Exercise objective:
Among the entries that follow, locate the line with "Ispirare fiducia negli" and the line with "Afrika és Madagaszkár". Output those lines and all lines in between, exactly, minus the pictures.
Segment Start: Data extracts
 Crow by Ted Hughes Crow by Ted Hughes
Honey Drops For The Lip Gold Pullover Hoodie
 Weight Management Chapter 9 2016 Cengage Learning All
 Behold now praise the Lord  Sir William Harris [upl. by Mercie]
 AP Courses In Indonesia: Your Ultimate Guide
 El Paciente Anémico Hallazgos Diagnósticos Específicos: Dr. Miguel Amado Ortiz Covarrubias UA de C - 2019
Segment End: Data extracts
Segment Start: Data extracts
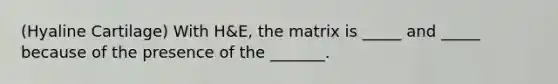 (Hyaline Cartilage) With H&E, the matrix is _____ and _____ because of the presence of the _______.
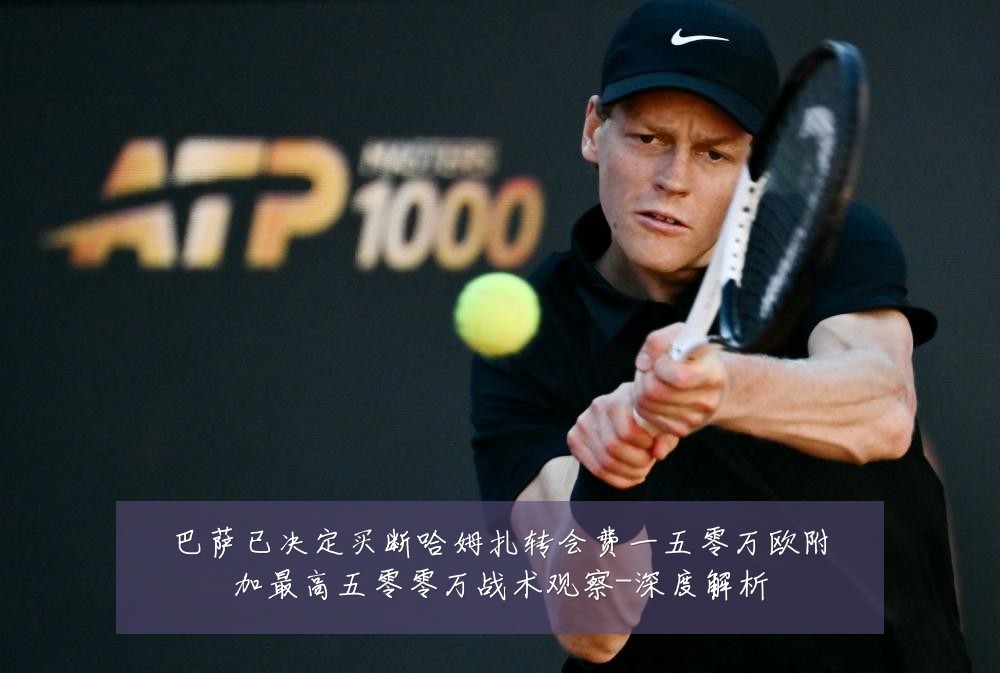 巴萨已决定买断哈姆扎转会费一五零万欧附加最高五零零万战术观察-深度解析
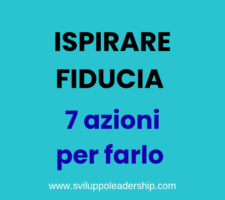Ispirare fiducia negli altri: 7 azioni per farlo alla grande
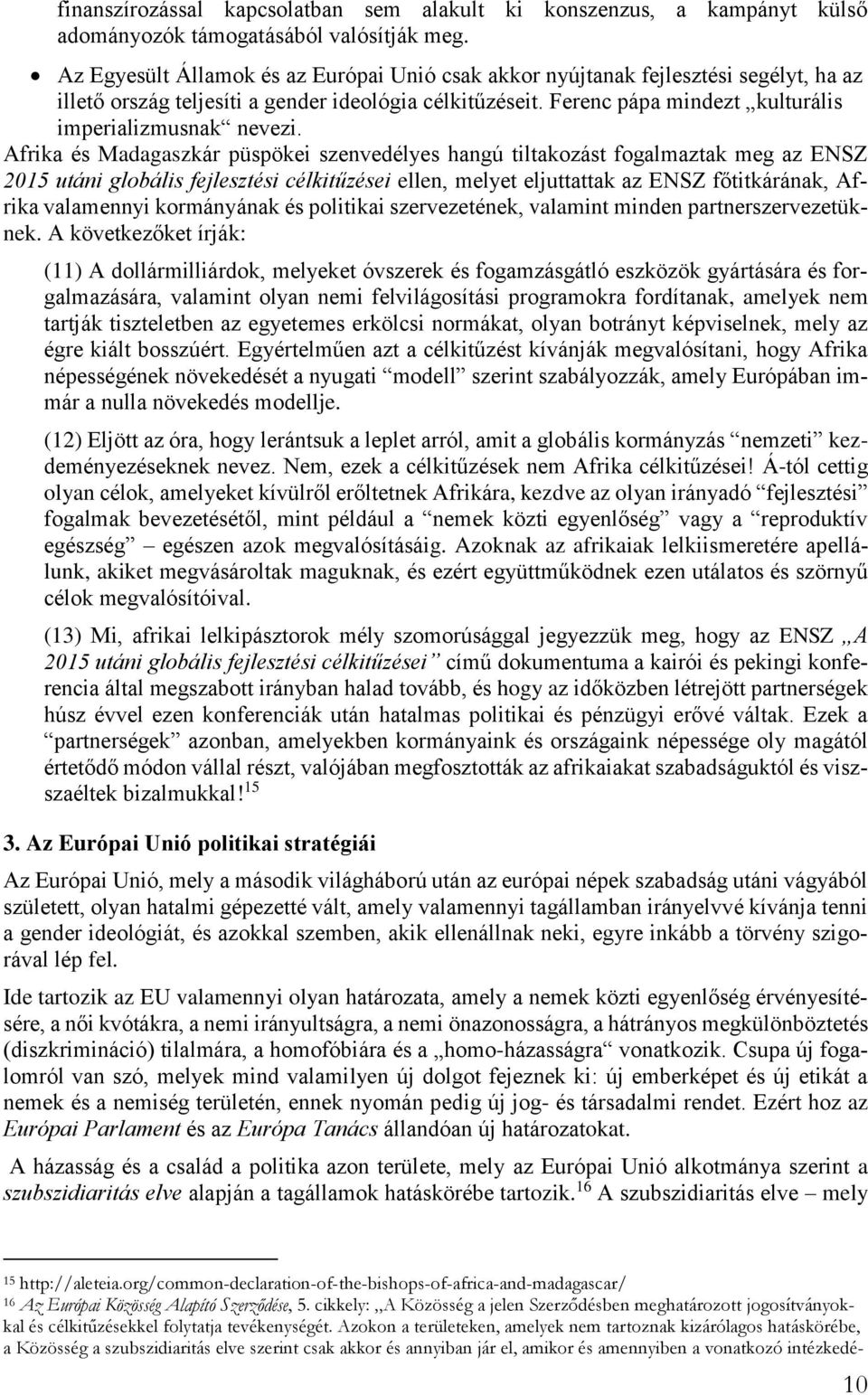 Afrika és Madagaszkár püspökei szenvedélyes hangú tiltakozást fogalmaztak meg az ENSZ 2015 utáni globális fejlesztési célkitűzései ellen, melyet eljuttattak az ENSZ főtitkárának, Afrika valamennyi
Segment End: Data extracts
Answer box:
Ispirare fiducia negli altri: 7 azioni per farlo alla grande
 Afrika és Madagaszkár püspökei szenvedélyes hangú tiltakozást fogalmaztak meg az ENSZ 2015 utáni globális fejlesztési célkitűzései ellen, melyet eljuttattak az ENSZ főtitkárának, Afrika valamennyi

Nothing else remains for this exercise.